■ **INSTRUCTIONS TO FOLLOW**
Begin with the first line of the material and write out each line exactly, ending with the line that contains "Viski Stainless Cocktail". Pictures are not part of the copy.

■ **GIVEN INFORMATION**
----------

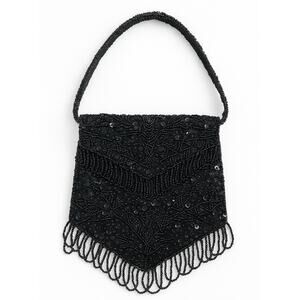 Vintage Mademoiselle Handmade Beaded Black Evening Bag Hong Kong Purse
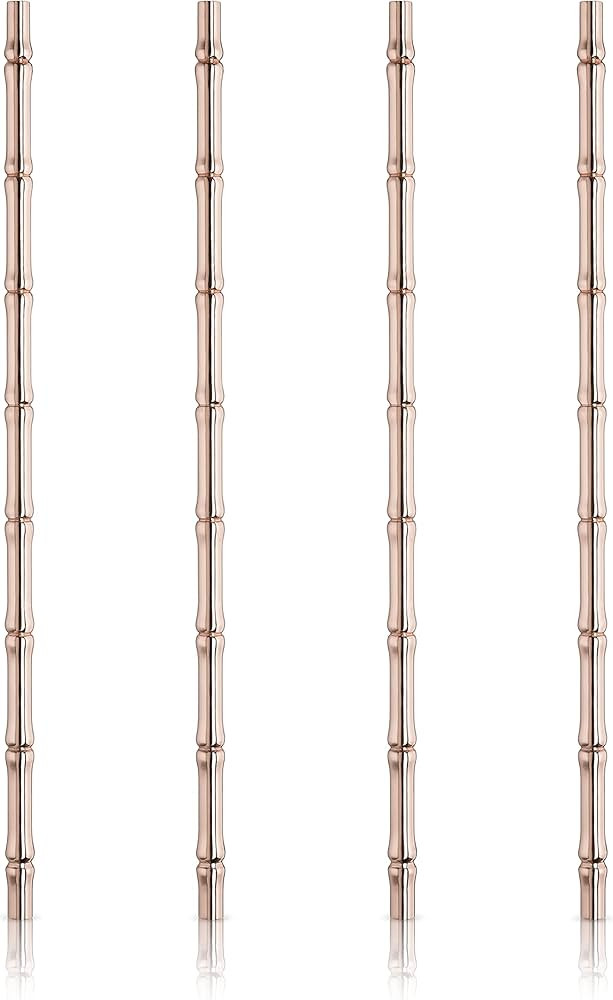Viski Stainless Cocktail Straws - Reusable Copper Straws - Eco-Friendly Bamboo Finish Metal Drink... | Amazon (US)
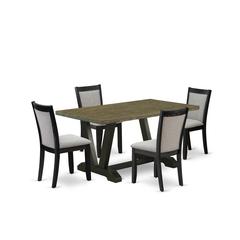 V676MZ606-5 5 Piece Kitchen Table Set - Distressed Jacobean Dining Room Table with 4 Shitake Chairs - Wire Brushed Black Finish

----------

■ **THE COMPLETED TASK**
 Vintage Mademoiselle Handmade Beaded Black Evening Bag Hong Kong Purse
Viski Stainless Cocktail Straws - Reusable Copper Straws - Eco-Friendly Bamboo Finish Metal Drink... | Amazon (US)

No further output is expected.